Todos y todas nos comparamos con los demás todo el tiempo y quien diga lo contrario está mintiendo en cierto grado. A mi me pasa, por más segura que me sienta de lo que soy, de lo que hago y de lo que siento es inveitable comparme con los demás.



Considero que es algo humano, lo hacemos todo el tiempo, laboralmente, fisicamente, en cuestión de personalidad, presencia, escencia, estilo, habilidades. Todo aspecto humano es comparable.



Este acto además de cotidiano es sumanente peligroso, hacerlo con frecuencia puede llevar a nuestra mente a sobrepensar que todo lo que somos no funciona como nos gustaría, pero, ¿ por qué no funciona? intentamos imprecionar, validar, gustar o mantener algo o a los que nos rodean.

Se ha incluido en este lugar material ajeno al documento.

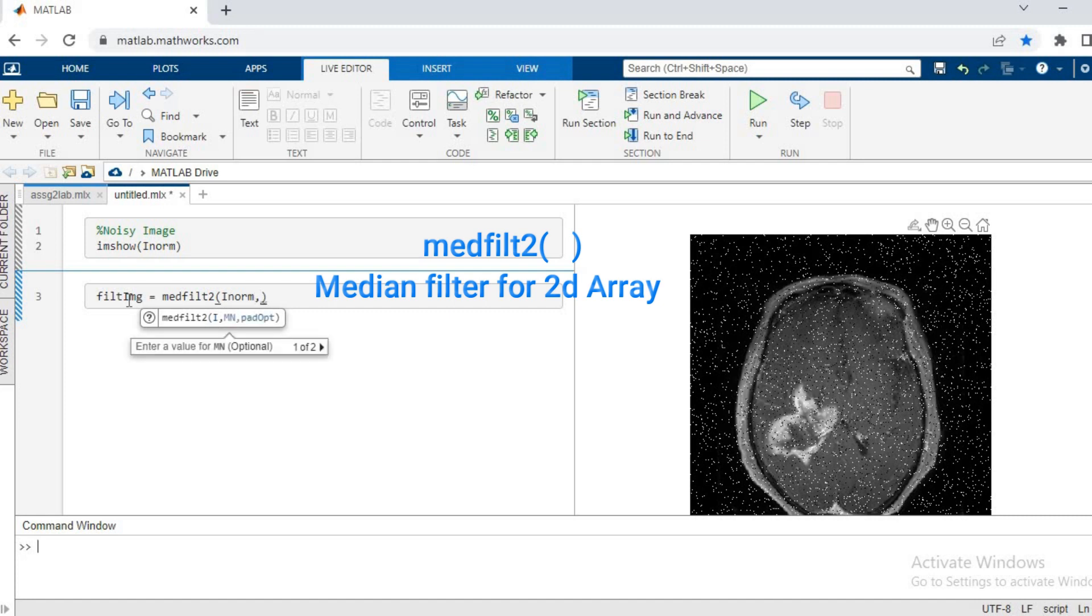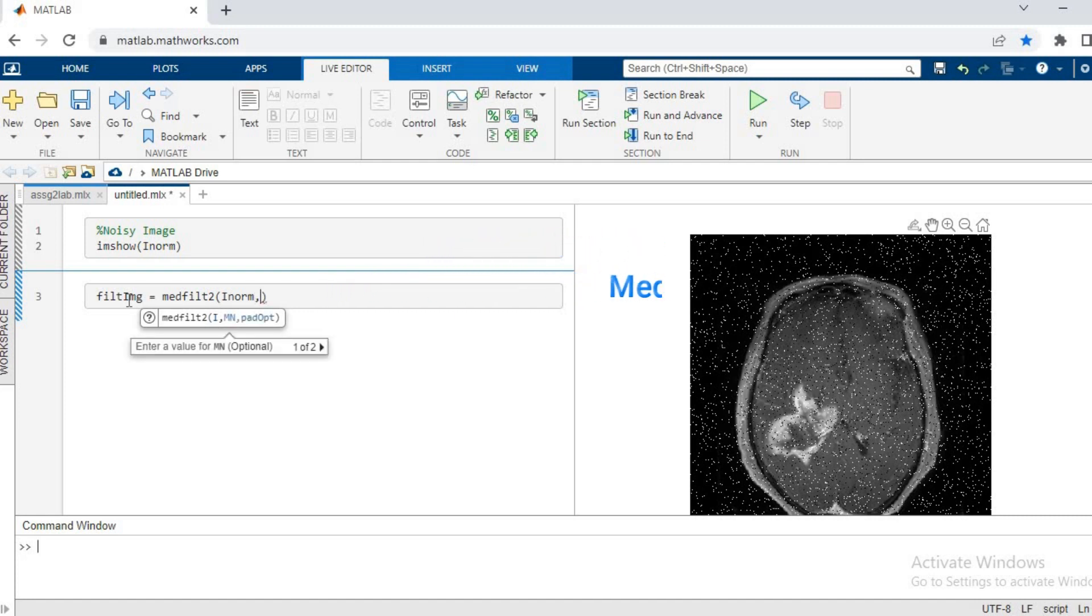Then we pass 3 by 3, that is our window size. So for starters, we'll start with a size of 3 by 3.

Nos comparamos para agradar a quienes queremos agradar; no nos comparamos con lo que no nos interesa porque no nos conviene; considero que en cualquier caso no nos ayudaría compararnos. Usaré una analogía de comida para poder ejemplificar lo que pienso; imaginemos que cada una y uno de nosotros es un restaurante, cada uno del tipo de comida, estilo y sazón. Cada restaurante tiene su especial o plato fuerte, ese somos nosotros.



No porque un restaurante tenga un tipo de platillo especial dejas de ver los demás platillos especiales de los demás restaurantes. Todos los platillos especiales son buenos y excelentes para algunas personas.

Yo me enojaría mucho si mi restaurante favorito trata de imitar el especial del restaurante de enfrente porque ya no sería algo auténtico y delicioso, razones por las cuales era mi favorito.



Eres especial y compararte puede hacer que cambies tu receta solamente para agradar. Me gusta ser el especial Cach #13, ¿te gusta lo que eres? no lo cambies.